Commitment Letter
A commitment letter is a formal document from a lender stating their intention to provide a mortgage loan to a borrower under specified terms and conditions. It outlines the loan amount, interest rate, loan term, and any conditions that must be met before closing, serving as a more definitive approval than a pre-approval letter.
Example
“After reviewing all the financial documents, the bank issued a commitment letter stating they would provide a $400,000 mortgage loan at 6.5% interest rate.”
Memory Tip
Think of a commitment letter as a 'financial engagement ring' - the lender is promising to marry your loan application (but they can still back out before the wedding).
Why It Matters
A commitment letter gives buyers confidence to move forward with a purchase and provides sellers with assurance that financing is likely to be secured.

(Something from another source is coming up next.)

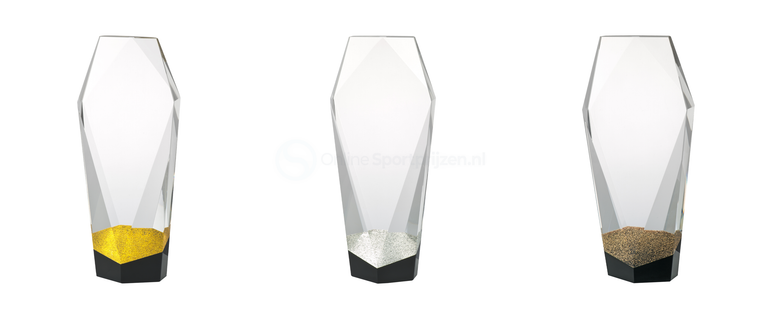 Luxe Kristal Glazen Award met Plaatsingkleur Detail in Geschenkdoos - W690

It helps prevent deals from falling through due to financing issues and strengthens a buyer's negotiating position.
Common Misconception
Some people think a commitment letter guarantees the loan will close, but it's still conditional and can be withdrawn if circumstances change or conditions aren't met.
In Practice
After a buyer's loan application is fully underwritten, their lender issues a commitment letter for a $400,000 mortgage at 6.5% interest, conditional on a satisfactory appraisal and final verification of employment. The buyer can now confidently proceed to closing knowing their financing is secured.
Etymology
The term 'commitment letter' comes from the Latin 'committere' meaning 'to pledge or entrust,' describing a formal document where a lender pledges to provide financing under specified conditions.